Le rapport de l’IRGC est publié alors même qu’en vue de la COP26 s’accumulent les indices d’une accélération de la transition vers une société de neutralité carbone. De plus en plus de gouvernements et de régions ont adopté des décisions comportant des échéances telles que 2050 pour parvenir à des émissions nettes négatives. C'est notamment le cas de l’Union européenne, la France, la Hongrie, le Japon, la Nouvelle-Zélande, la Corée du Sud, la Suède ou le Royaume-Uni. De même, les entreprises sont sujettes à une pression croissante pour participer plus activement à l'atteinte de ces objectifs. D’importants investisseurs financiers menacent de quitter les entreprises qui n’auraient pas planifié leur transition de manière adéquate. Aux Pays-Bas, un procès est en cours contre Shell pour tenter de forcer l'accélération de sa transition vers les énergies renouvelables. Le sentiment commence à s’imposer que l’on a probablement atteint un moment charnière.
« Tous ces indices suggèrent une poursuite de l’accélération vers une économie et une société de neutralité carbone. Cela rend encore plus importante la préparation des pays et des organisations aux risques secondaires», insiste Aengus Collins. « Nous le voyons déjà en Australie qui doit se préparer à une chute de ses exportations de charbon, suite aux décisions de certains de ses principaux partenaires commerciaux de prioriser les énergies renouvelables. »
Les politiques consacrent une attention croissante aux risques associés à la transition vers une société à faible intensité de carbone. Le secteur financier était l’un des premiers à réagir, avec la Taskforce on Climate-related Financial Disclosures (TCFD). Cette dernière recommande que les entreprises publient certaines informations afin de permettre une plus grande transparence et de meilleures prises de décision chez les investisseurs, et faciliter une transition graduelle et prévisible.

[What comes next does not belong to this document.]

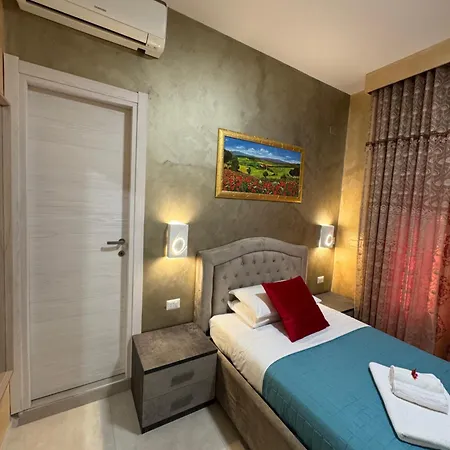 Saarah Guest house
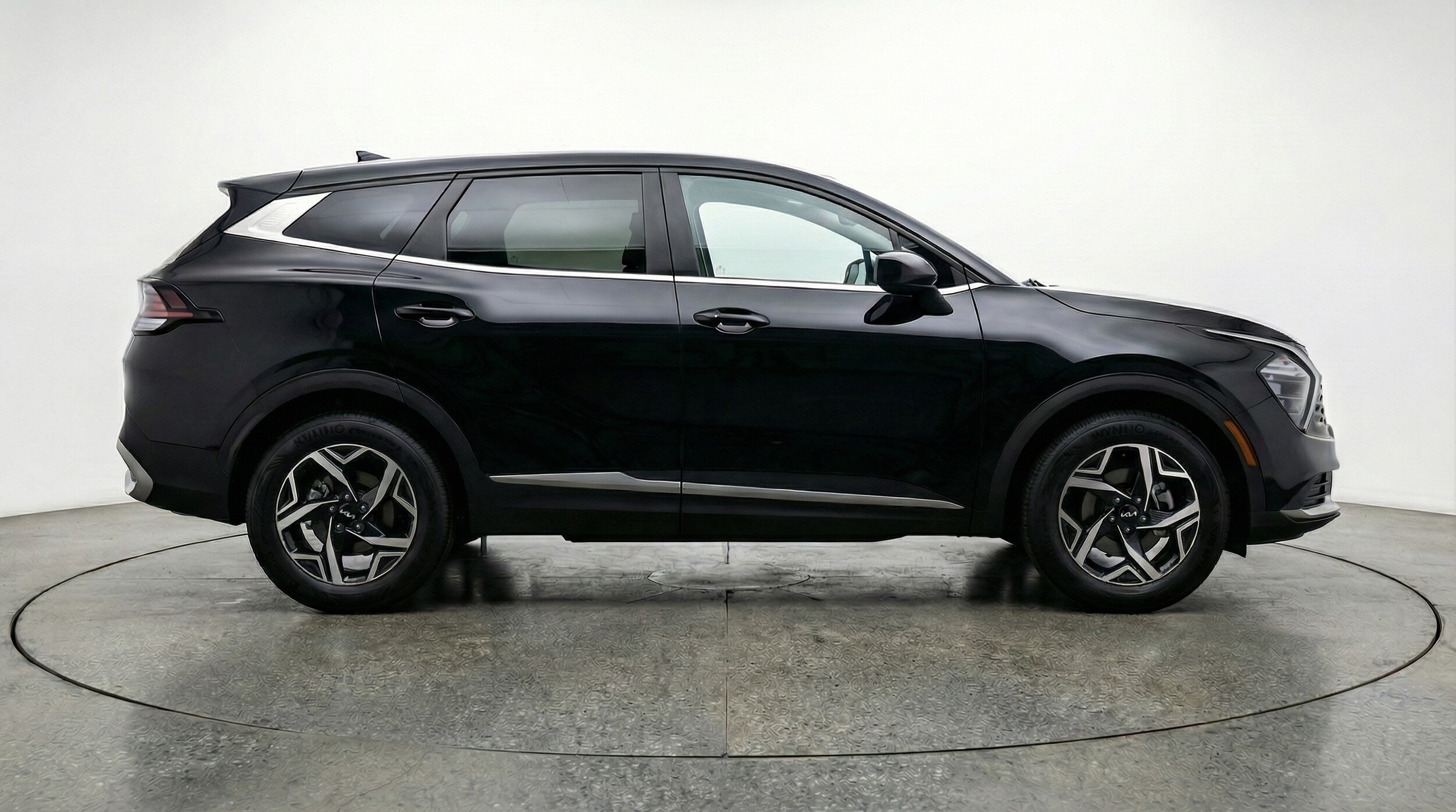 Thumbnail: 2025 Kia Sportage - 8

Dans l’UE, l’emploi est une priorité. Doté de 17,5 milliards d’euros, son Fonds pour une transition 'juste' soutiendra les régions européennes touchées par des bouleversements socio-économiques dus à la réduction des secteurs dépendant des énergies fossiles.
Ces mesures politiques, et d’autres encore, montrent que les risques des transitions sont sur le radar de certaines institutions. Mais une attention plus systématique est nécessaire. C’est un maillon faible dans notre préparation pour réaliser nos objectifs climatiques. L’une des principales actions que recommande l’IRGC aux gouvernements et organisations est d’identifier et d’évaluer les risques des transitions susceptibles de les affecter, afin d’obtenir une description claire de leurs vulnérabilités. Un autre point important est d’accélérer les solutions qui semblent efficaces — telles que l'utilisation des revenus des taxes carbone pour protéger les salaires les plus faibles. Le rapport recommande également de tirer les enseignements des transitions passées, de développer les capacités institutionnelles et de renforcer la résilience des systèmes critiques.
« Plus les gouvernements et organisations seront préparés aux risques des transitions, plus les politiques climatiques seront susceptibles de réussir », conclut Aengus Collins.